The rising tide of clean technology investments
According to the World Energy Outlook 2023 report,[1] released by the International Energy Agency in October 2023, the global average surface temperature is already around 1.2°C above preindustrial levels.
The terms ‘clean tech’ or ‘climate tech’ refer to those innovative solutions that tackle the effects of climate change or aim to accelerate the transition to a low-carbon world. Statista’s collection of reports on global clean tech investments highlights the fact that the sector has become increasingly attractive to venture capital investors looking to make a positive impact while still focusing on generating returns.[2] As the report shows, the sector has seen a huge increase in annual global investment, exceeding USD1 trillion in 2022, but the prediction is that this will need to quadruple by 2050 for the world to remain below the 1.5oC threshold.
One firm backing this ticket is Earth Capital Limited (ECL), a clean technology thematic investor co-founded by Stephen Lansdown and Gordon Power in 2008. Backed by a Guernsey-based family office, the investment group focuses on the three core sectors of energy, food and water, which are in desperate need of innovation and funding due to the dual impacts of climate change and population explosion. According to Avent Bezuidenhoudt, chief executive of Earth Capital, these three sectors are suffering from resource scarcity, damage to natural capital, increasing insurance losses and fossil fuel depletion, while stakeholder pressure for positive impacts continues to increase. As Bezuidenhoudt puts it: ‘There is clearly great need and where there is need, there is opportunity to make both a positive financial return and a positive impact on the world.’
The Guernsey position
This is where Guernsey comes in. Ready to embrace the next generation of wealth owners' changing financial goals, the island offers bespoke services for single- or multi-family offices. Innovative financial products such as the third route to the private investment fund are complemented by decades of experience and a robust code of corporate governance. This combination allows families to intertwine their individual goals, ensuring they can make both a positive impact and a financial gain.

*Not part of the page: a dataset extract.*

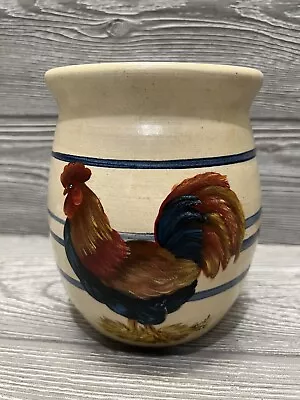 Rooster On Crock Hand Painted Farmhouse Decor 6.25” Vintage 1990s Pottery • $16.99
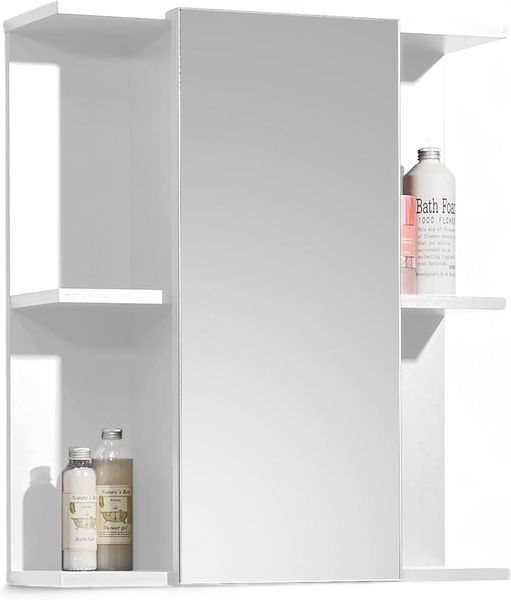 MANDY Spiegelschrank Bad in Weiß Hochglanz - Badezimmerspiegel Schrank mit viel Stauraum - 60 x 71 x 20 cm (B/H/T)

Earth Capital is a clear example of this. In line with its energy, food and water sector focus, it manages investments in a range of companies offering innovative solutions, such as SoftIron, a manufacturer of low-energy-use IT infrastructure; Ace Aquatec, a welfare-led innovator of aquaculture technology solutions; and Propelair, the low-water flush toilet for commercial use that reduces water use by up to 84 per cent, compared to standard toilets. Each one on its own will not change the world, but as they utilise investment funds to grow and expand globally, their positive impact will be felt both financially for investors and on the environment by everyone.
Earth Capital works closely with its portfolio companies to ensure their continuous sustainable improvement over the life of the investment. In Bezuidenhoudt’s words:
‘It is important to understand that no investment is purely “positive” – its aim may be to deliver positive benefits but use of raw materials, manufacturing processes and global transportation will always have a negative environmental impact. It is therefore critical for investors to ensure that the positive benefits always outweigh the negative impacts. At Earth Capital we use our inhouse tool, the Earth Dividend,™ to manage the sustainability of our investment portfolio by driving continuous ESG improvements. For us, this is a value creation lever that we employ to enhance the sustainability of our portfolio companies across the E, the S and the G to deliver stronger returns.’
But for Earth Capital it is not just about what they invest in that is important, it is also how they invest and they see a clear need to align business models with a just transition to a low-carbon world. As Mark Carney, former governor of the Bank of England, said: firms that fail to adapt may well cease to exist.
Although climate change is the core investment thesis for Earth Capital, Bezuidenhoudt expresses the need for the company to go wider in its due diligence, investment and portfolio management processes to consider all environmental, social and governance (ESG) factors relevant to a specific company or industry. For Earth Capital, these ESG considerations focus on doing business in a way that is less damaging, more respectful and more transparent. According to Bezuidenhoudt:
‘ESG factors emphasise the inherent value of a well-run business that prioritises long-term sustainability over short-term profit taking and it is ECL’s core belief that the more sustainable a company is, the more valuable it will ultimately be. If a management team is prepared to underpay its staff, fails to implement appropriate governance measures, or dumps untreated water into rivers, would you trust them with your investment funds?’
Moving forward
For those investors that remain unconvinced about the need to focus on ESG impacts, irrespective of their core investment focus, one needs only to look at the results of getting it wrong. Companies neglecting ESG considerations now face increased legislation, class action litigation, value erosion and the loss of investors who simply cannot risk the reputational damage of being linked to such an investment. Bezuidenhoudt expects the market to change over the next five years as the effects of climate change escalates and predicts a future where all investors embrace sustainable practices as the norm, due to increasing stakeholder demands. She believes that as the world faces increasing pressures to combat global issues, the path towards sustainable investing will become an inevitable choice for all stakeholders.